Country music is just that; the music of a country.  The music of a people.  The cultural remains of folks - or, folk music.  It all starts there with the songs that have been passed down from generation to generation to people all over the world.  In the United States, that music was a collection of music from various locations and, sometimes, it was inspired by pure inventiveness on the part of settlers to this new land.  There are shards of that kind of musical truth in mainstream music but, for the most part, if it's on the Billboard charts, it's probably not terribly connected to anything remotely folk at all.

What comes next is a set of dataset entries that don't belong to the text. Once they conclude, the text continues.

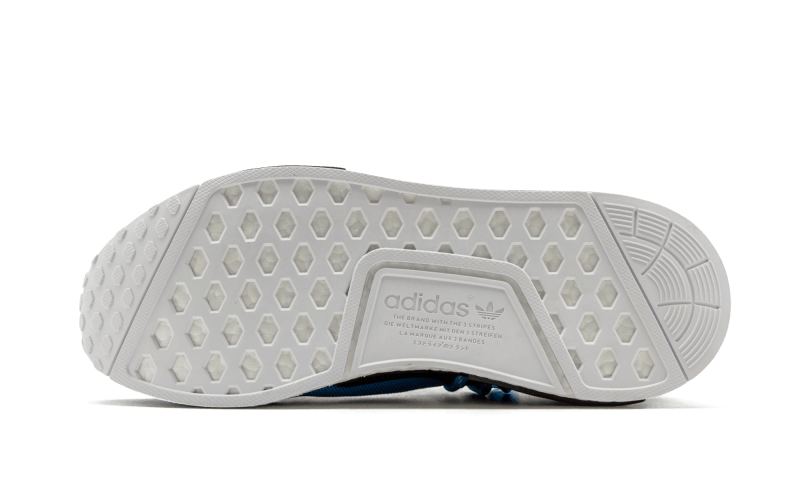 Adidas NMD HU Pharrell Human Being Sharp Blue, Sharp Blue/Sharp Blue-White (BB0618)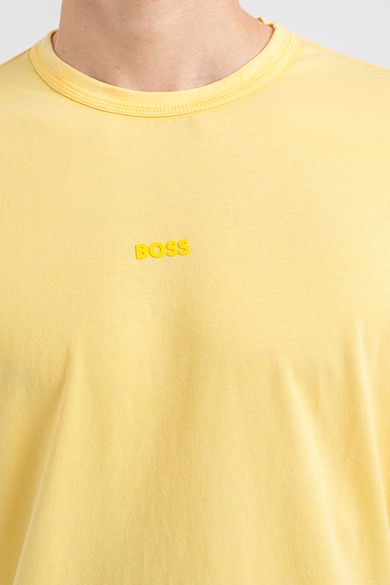 BOSS Памучна тениска Tokks Мъже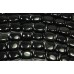 1 Strand Black Obsidian Nugget Beads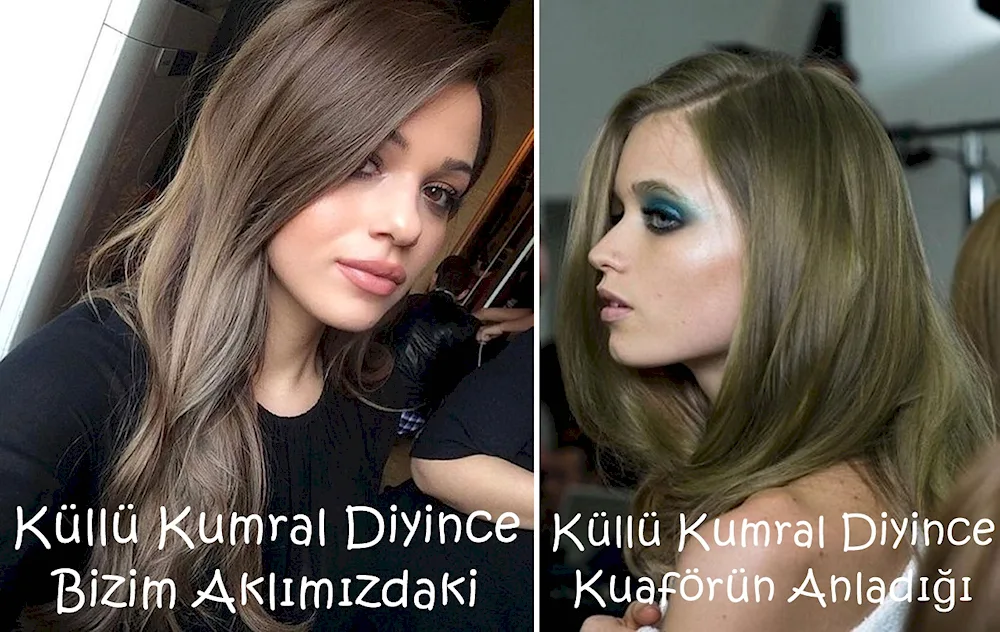 Light blonde ash hair colour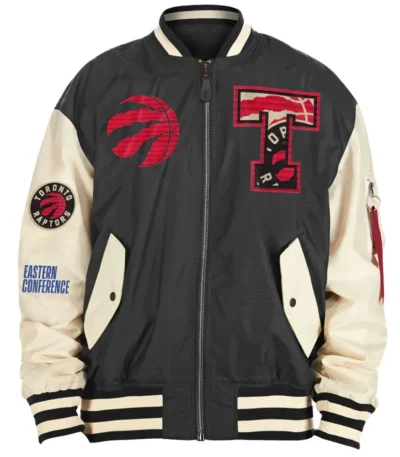 Toronto Raptors New Era Bomber Jacket
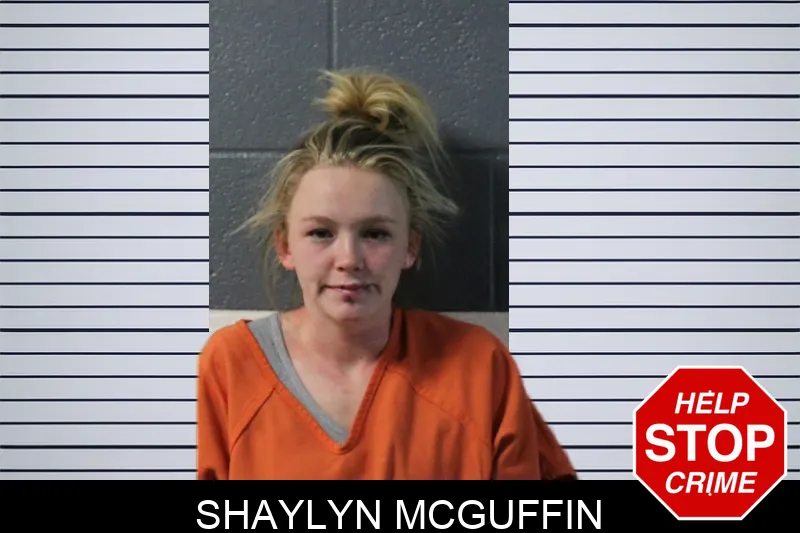 Shaylyn McGuffin Mugshots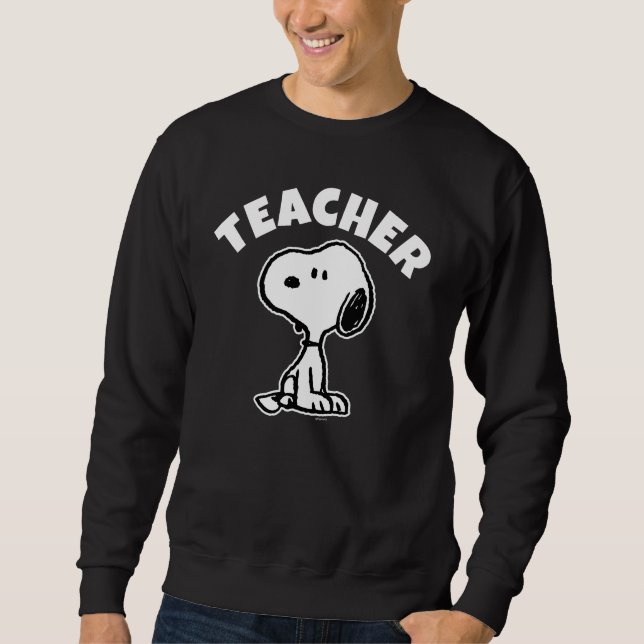 Peanuts | Snoopy Turns Teacher Sweatshirt (Front)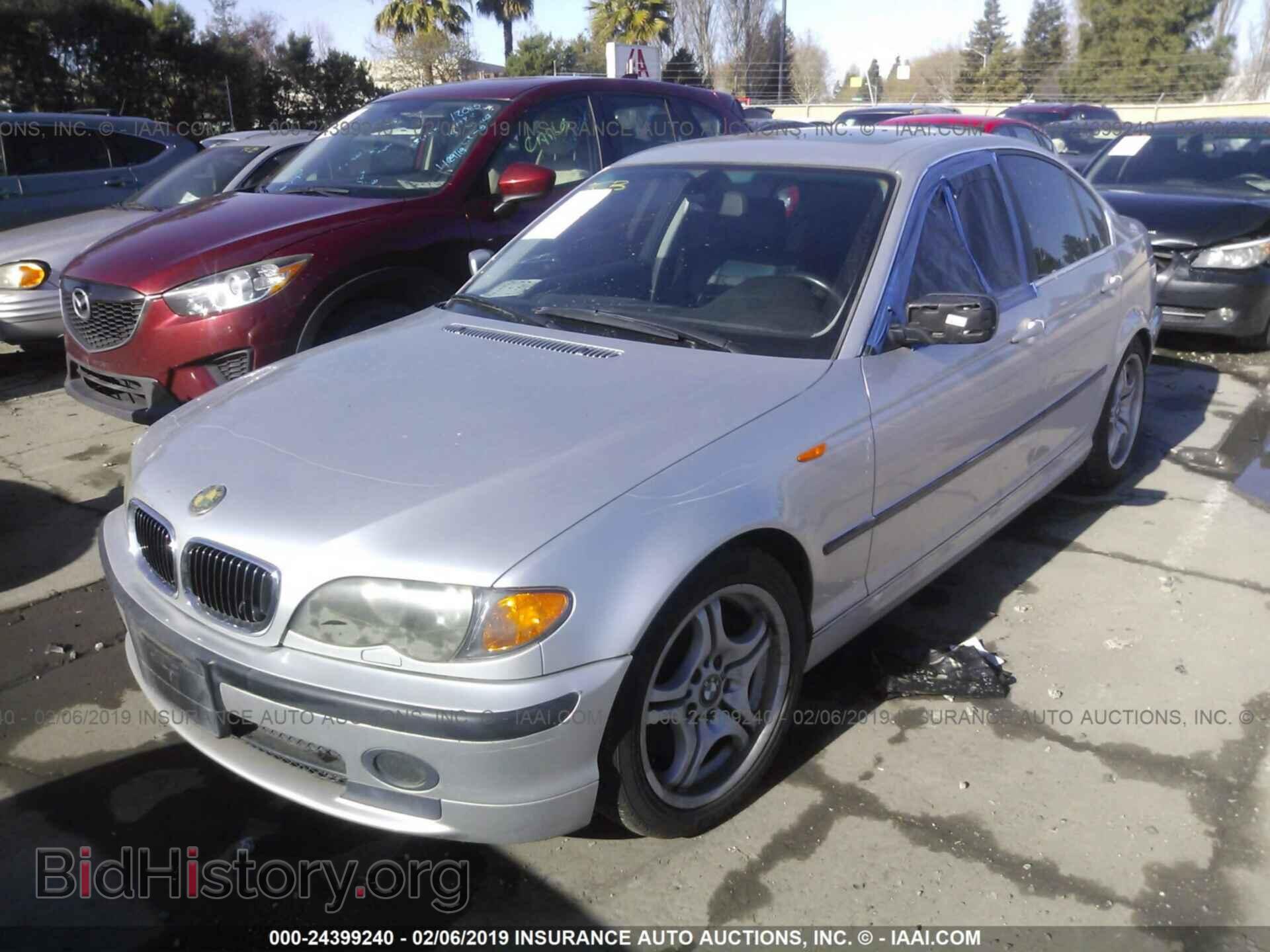2004 BMW 330 - VIN: WBAEV53484KM05971 - Фото 2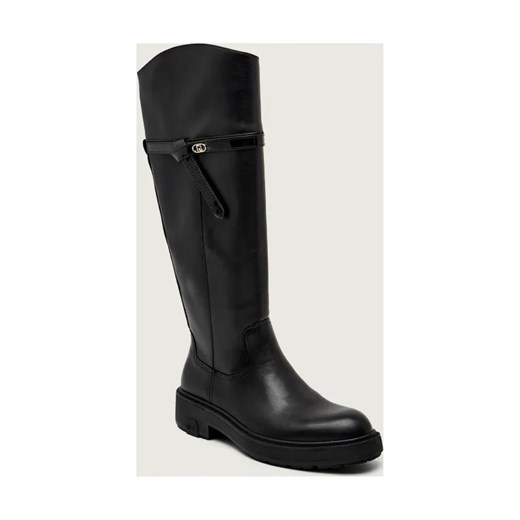 Liu Jo Skórzane oficerki LONDON 04 ze sklepu Gomez Fashion Store w kategorii Kozaki damskie - zdjęcie 186279989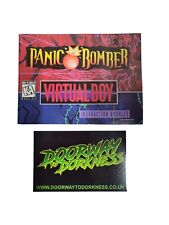 Panic bomber manual for sale Panic bomber manual for sale  DONCASTER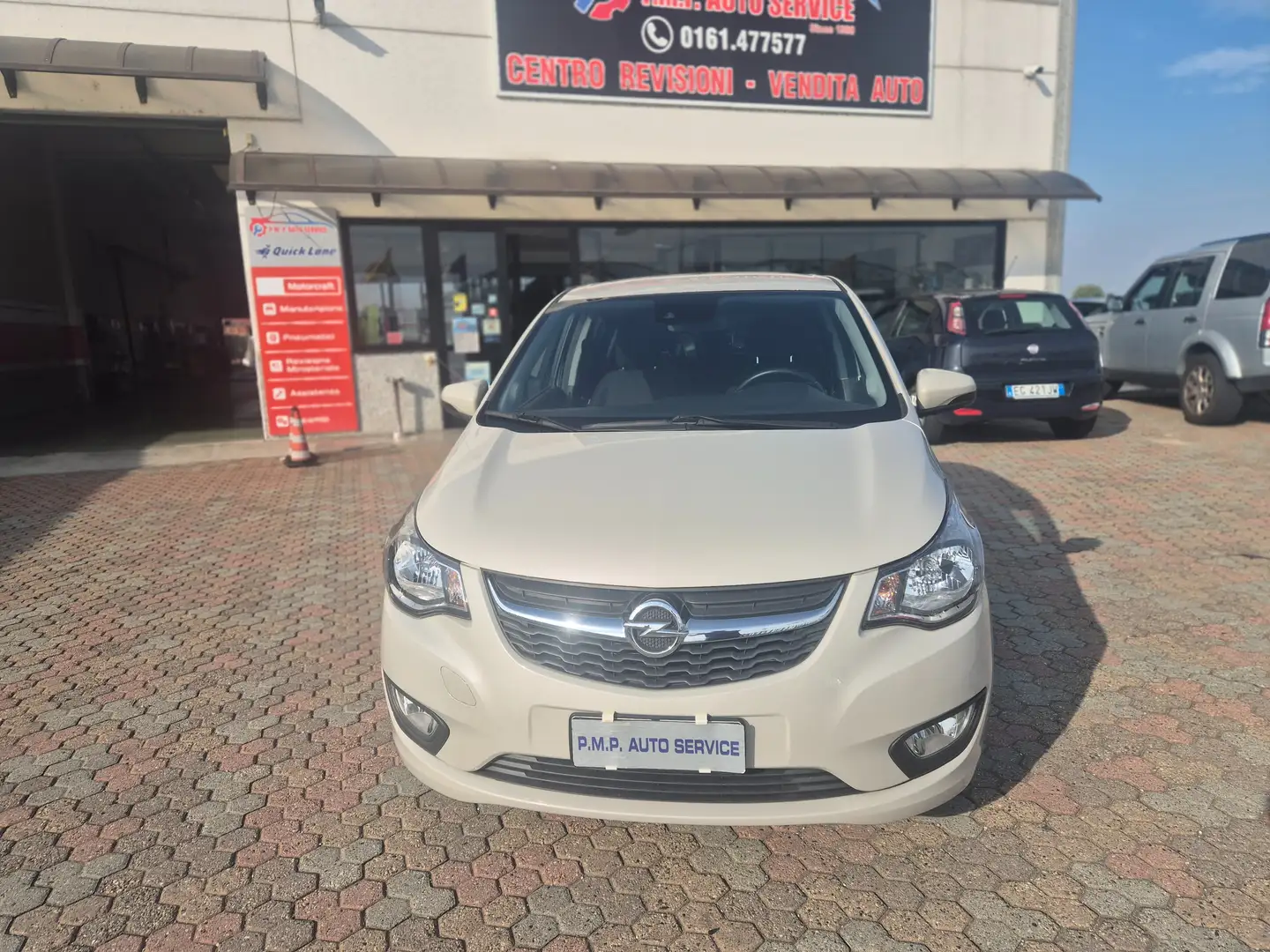 Opel Karl Karl 1.0 N-Joy 75cv Beige - 1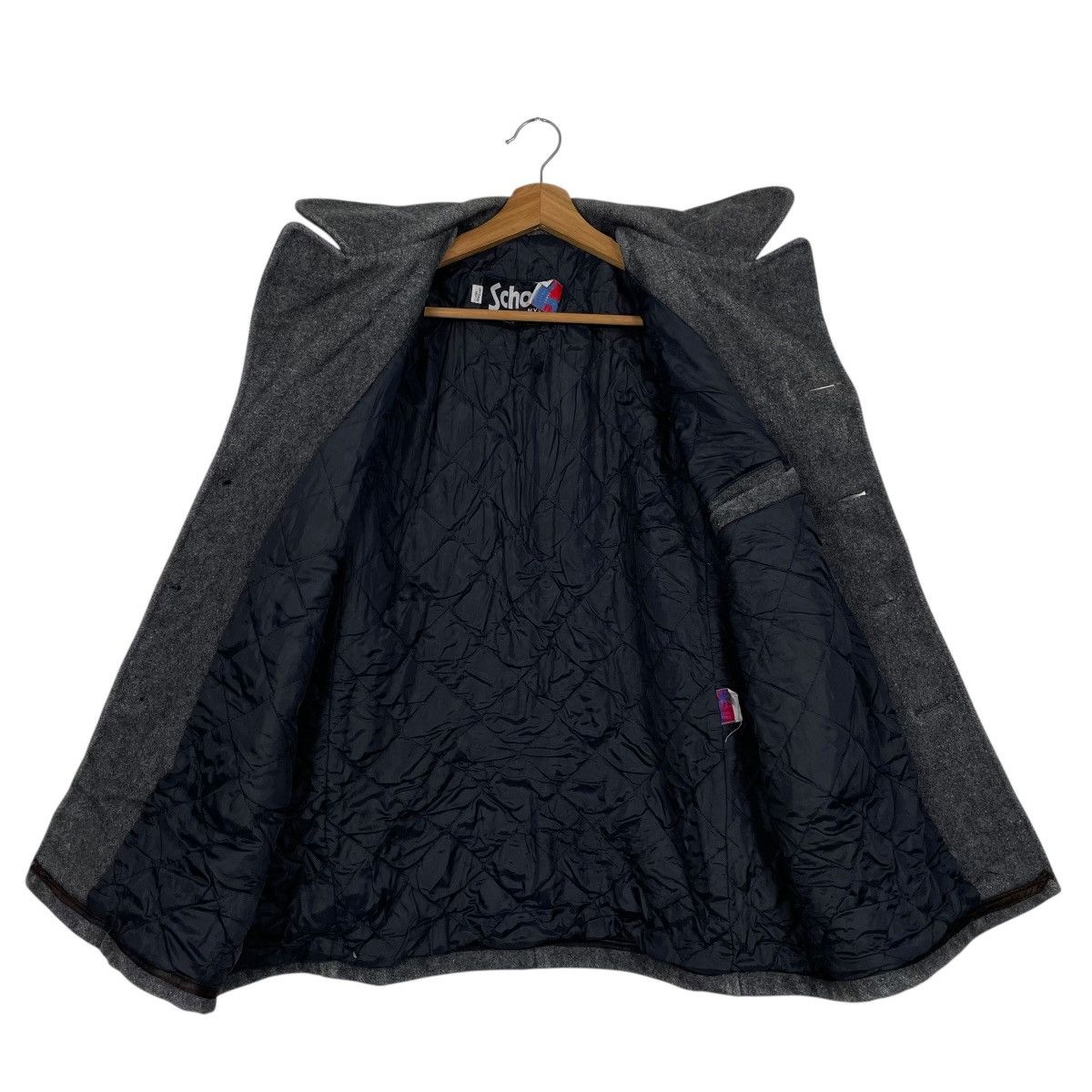 Schott Vintage Schott Black Coat Size US M / EU 48-50 / 2 - 11 Thumbnail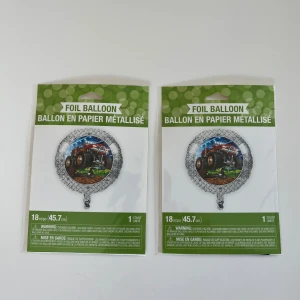 Ballonger - Två nya ballonger med monstertruck-motiv.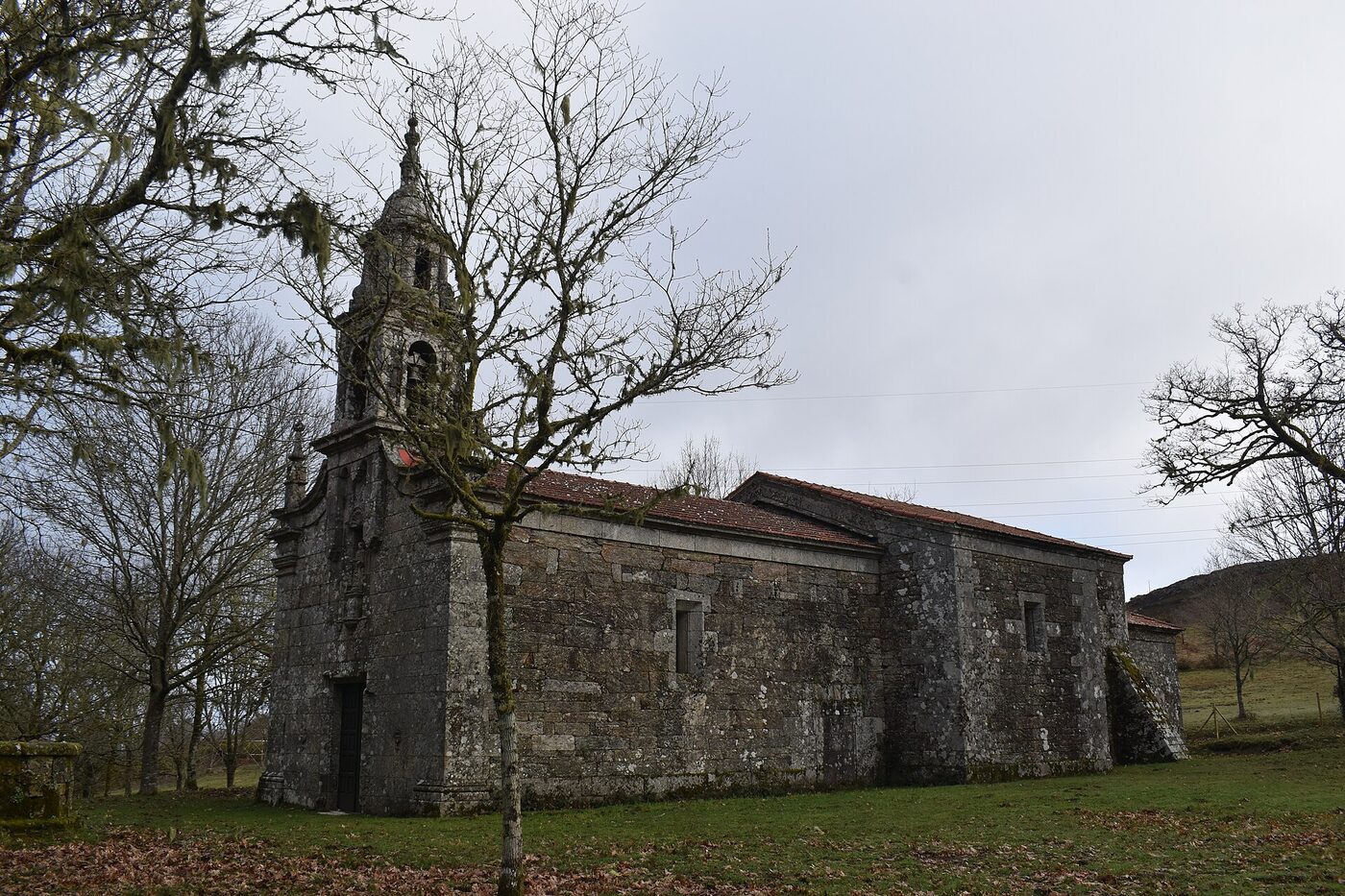 Capela de Santo Domingo de Xirazga en Beariz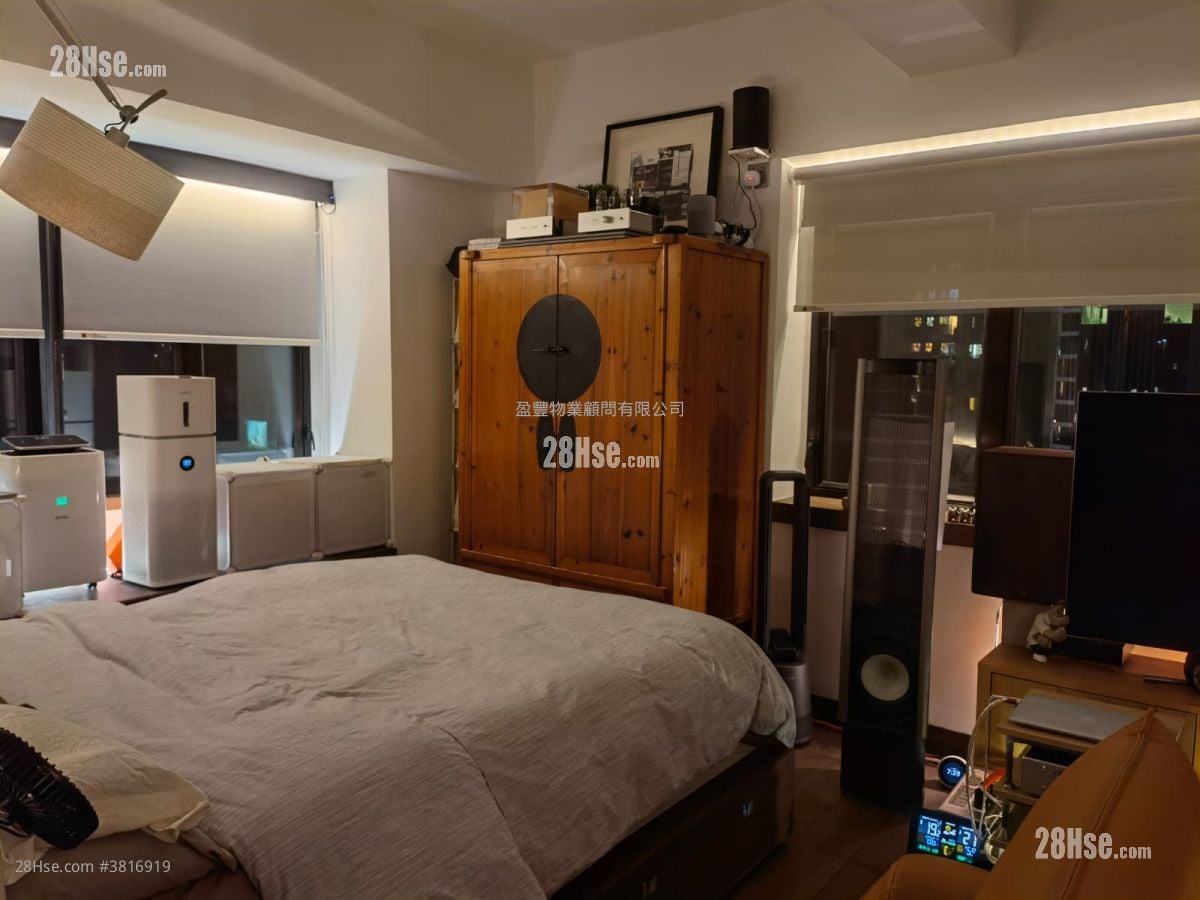 兆威閣 租盤 2 房 , 1 浴室 386 平方呎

I am not a country artist.  I'm a folk artist.  I enjoy the hell out of writing and performing country music (the older, the better) but I also enjoy blues, rock, Latin, showtunes and metal.  You can find folk roots in any one of those genres or make it happen.  There is no limitation to folk music because it's the music of our past, considered in the present, and intertwined with our future.  The foundations of folk exist on their own terms while we build upon them the houses in which we wish to live.  Tear down those structures and the foundation remains.

Darius Rucker - the legendary Hootie.

Darius Rucker - the legendary Hootie.

So, Nashville is having a bit of a demolition this week as cracks in the building have really started to show.  My snarky jibe on Facebook this morning basically says, "why is this news?"  But I know full well why.  Because being gay is not part of the structure that Nashville has built for itself over the years.  It just might be the last music genre with no high-profile gay artists, but that is no longer true and Nash Vegas will have to roll with it, baby.  Still, and no disrespect to Darius, that's TWO more anomalies in the system where it's still terribly rare to see a black man onstage singing country music on the CMAs.  Where even Darius was targeted in a tasteless race-inspired joke at the awards show one year by Brad Paisley and Carrie Underwood.  (It involved Julianna Hough - do the research.)  

I'm not pounding down country's door because there are a lot more doors that I've been able to easily walk through with my music.  Still, the astonished looks that I get when I rip into a Hank Williams Jr. song onstage says oodles about how far the establishment needs to go before we stop freaking out about what's different between us and accept that which is similar between us.

Still, watching the fireworks fly over Broadway is going to be fun for awhile.